▶ [Recorded information]
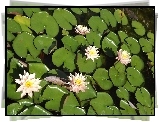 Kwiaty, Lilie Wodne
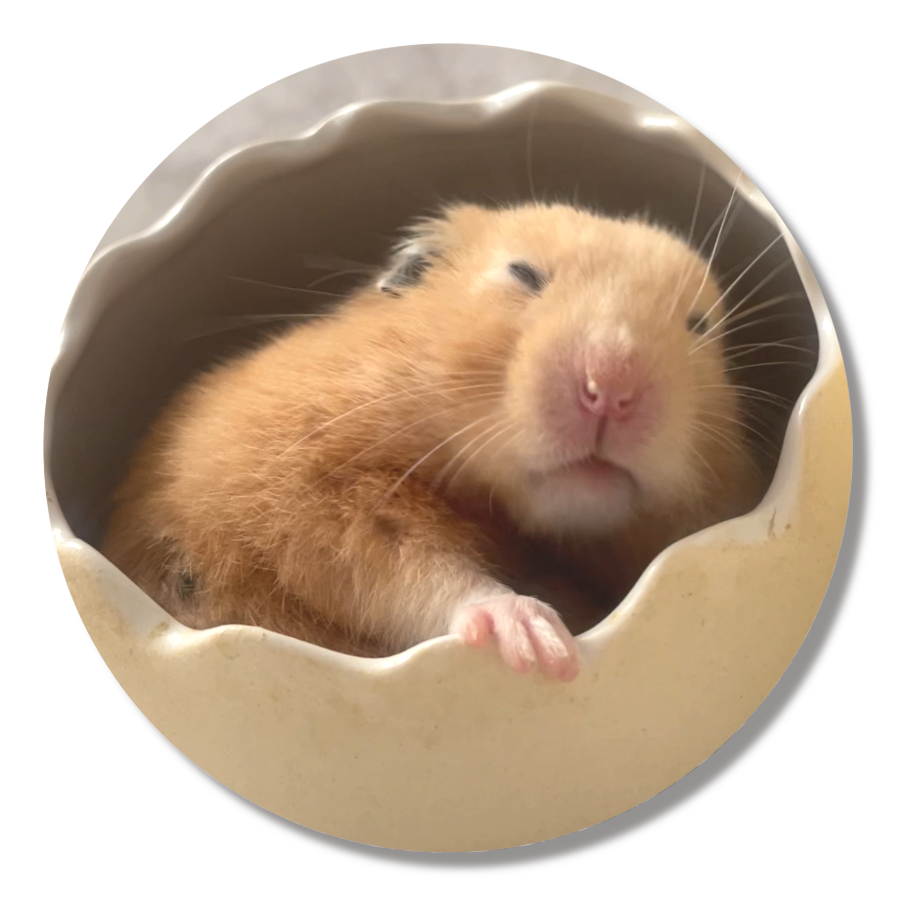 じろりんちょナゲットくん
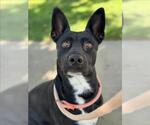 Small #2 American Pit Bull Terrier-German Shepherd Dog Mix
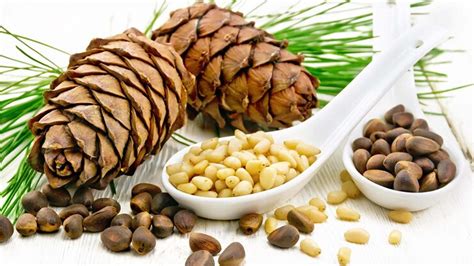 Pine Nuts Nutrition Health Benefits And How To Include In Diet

==

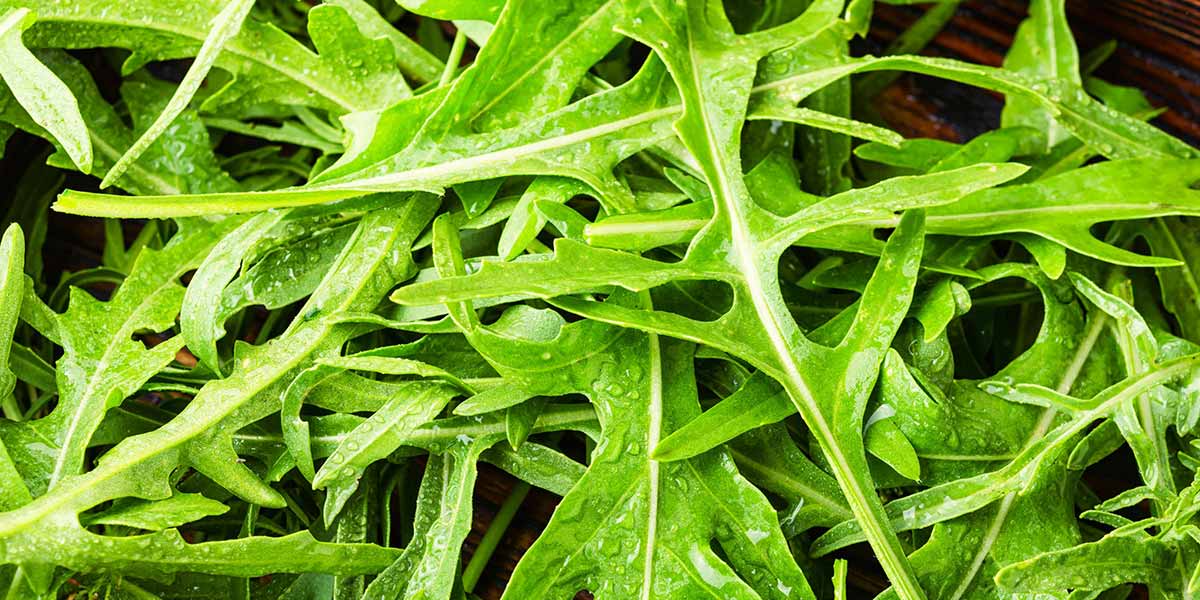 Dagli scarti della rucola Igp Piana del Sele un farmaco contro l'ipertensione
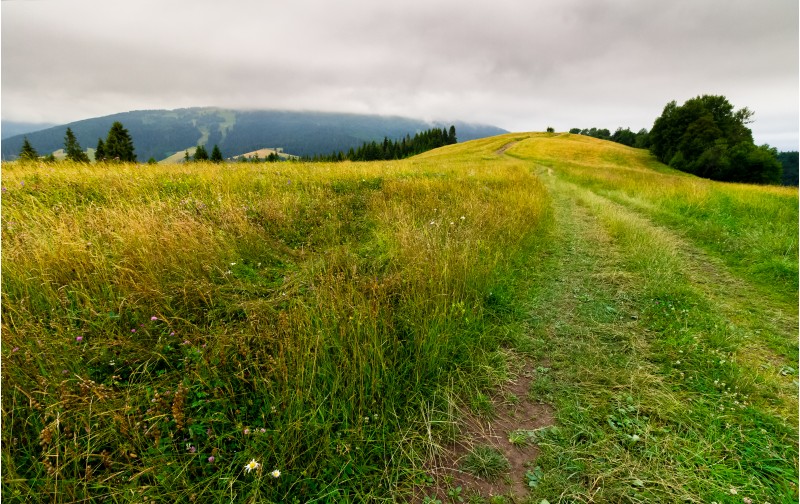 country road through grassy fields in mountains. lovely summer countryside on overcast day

▶ [Aim of the exercise] Copy exactly the part of the material above that opens with the line containing "じろりんちょナゲットくん" and closes with the line containing "Pine Nuts Nutrition", ends included. Drop the images.

▶ [Response for this exercise]
 じろりんちょナゲットくん
 Small #2 American Pit Bull Terrier-German Shepherd Dog Mix
 Pine Nuts Nutrition Health Benefits And How To Include In Diet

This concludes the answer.